Which Ad Formats Are Available on Colors Rishtey?

Television advertising on Colors Rishtey is not just about the 30-second spot, and brands that think of it that way are leaving significant value on the table. The channel offers a full spectrum of FCT and non-FCT formats, each serving a different strategic purpose; understanding the difference between them is something we spend a fair amount of time explaining to clients who are new to television advertising in India.

FCT, or Free Commercial Time, refers to the conventional ad break inventory — the 10-second spot, the 20-second spot, and the standard 30-second ad that most people picture when they think of a television commercial. These video ads run during scheduled ad breaks and are sold on a cost-per-second basis. The 10-second spot is the workhorse of frequency-building campaigns, particularly for FMCG brands that need high repetition to drive brand recall; a 10-second spot on Colors Rishtey during a prime time family drama costs roughly ₹18,000 to ₹25,000, which is a number that becomes very efficient when you calculate the cost per thousand impressions against the channel's monthly reach. Non-FCT formats, on the other hand, are the formats that appear within the programming itself rather than in the break — and this is where Colors Rishtey TV advertising gets genuinely interesting for brands that want something beyond the conventional TVC.

The Aston band is a lower-third graphic overlay that carries brand messaging while the show is still playing, which means the viewer has not changed the channel and is actively engaged with content. The L-band advertising format takes this further — it is an L-shaped graphic that wraps around the bottom and side of the screen, giving the brand a larger canvas and a longer dwell time; L-band advertising on Colors Rishtey is particularly effective during reality show episodes and high-viewership drama finales. The logo bug is a persistent small logo placed in the corner of the screen, typically used by show sponsors to maintain a continuous brand presence throughout an episode's telecast. Beyond these, there are ticker ads, promo integrations, and the full brand integration format — which we will address separately — but the point is that a well-structured Colors Rishtey ad campaign can combine FCT and non-FCT elements to create a media presence that is far richer than a simple spot buy.
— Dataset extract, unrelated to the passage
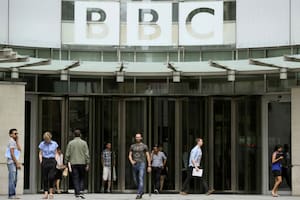 La BBC nació en 1922 y hoy compone un multimedio que incluye varios canales de TV, radios y páginas web
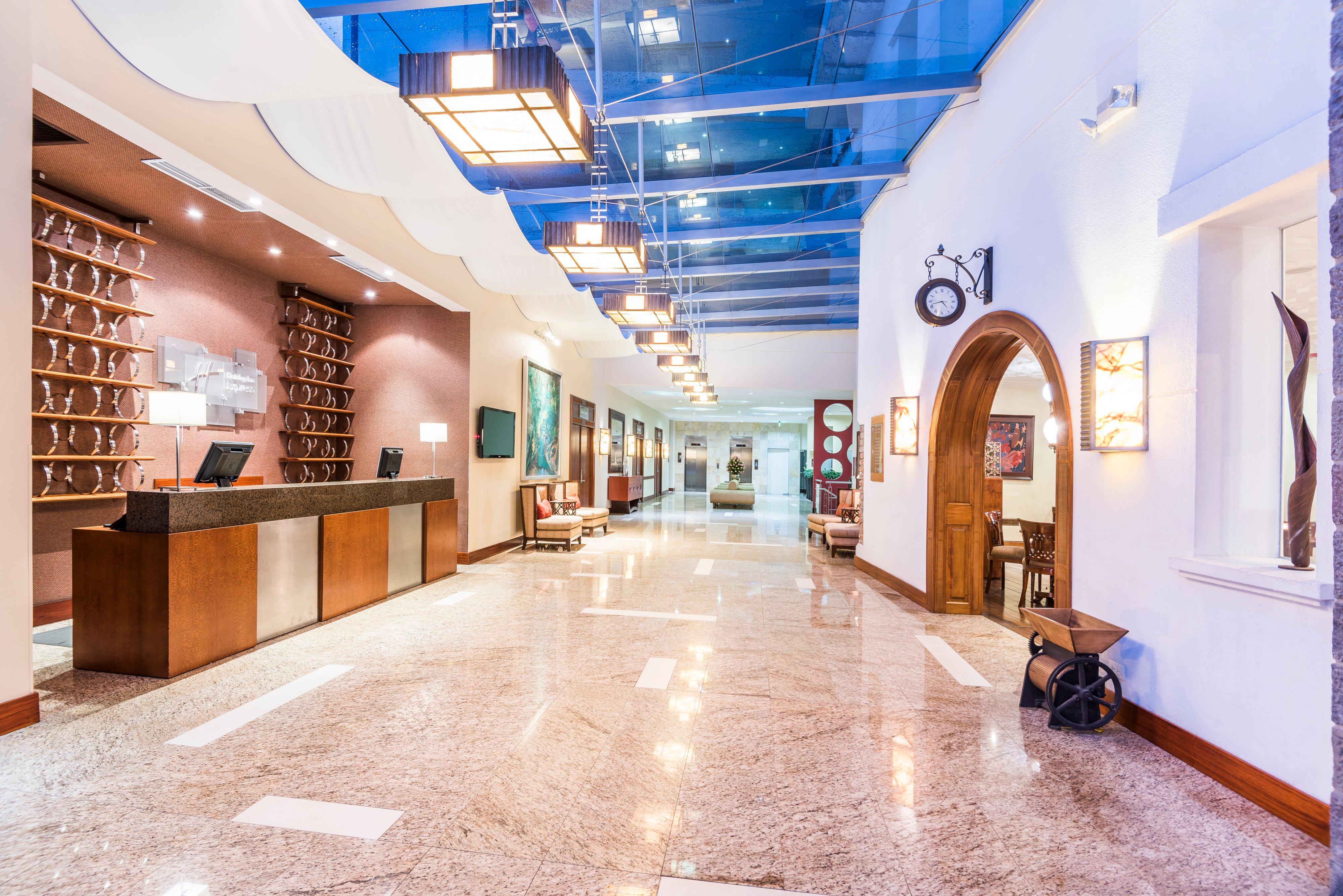 Holiday Inn Express Quito By Ihg Extérieur photo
How Does Prime Time Advertising on Colors Rishtey Compare to Non-Prime Time?

Prime time advertising on Colors Rishtey — the 7 PM to 11 PM window — is where the channel's strongest viewership concentrates, driven by its library of popular family dramas and re-runs of shows like Sasural Simar Ka and Naagin that built massive audiences on Colors TV before migrating to the re-run channel. The GRP delivery during this window is substantially higher than non-prime time; based on BARC ratings data, prime time slots on Colors Rishtey can deliver gross rating points that are three to four times what the same channel delivers in the afternoon band, which fundamentally changes the cost-efficiency equation depending on what your campaign objective is.

The thing is, non-prime time advertising on Colors Rishtey is not a consolation prize — it is a deliberate strategic choice for certain campaign types. A housewife-targeted FMCG brand, for instance, may find that the morning and afternoon time bands, which index heavily toward homemakers watching between household tasks, deliver a more relevant audience at a significantly lower cost per GRP than prime time. We worked with a packaged foods client in the western India market who initially wanted to concentrate their entire budget in prime time; after running the numbers, we redistributed roughly 40 percent of their FCT to the 10 AM to 1 PM band, which brought their effective cost per thousand down by nearly a third without meaningfully reducing the campaign's reach among their core target audience of women aged 25 to 45.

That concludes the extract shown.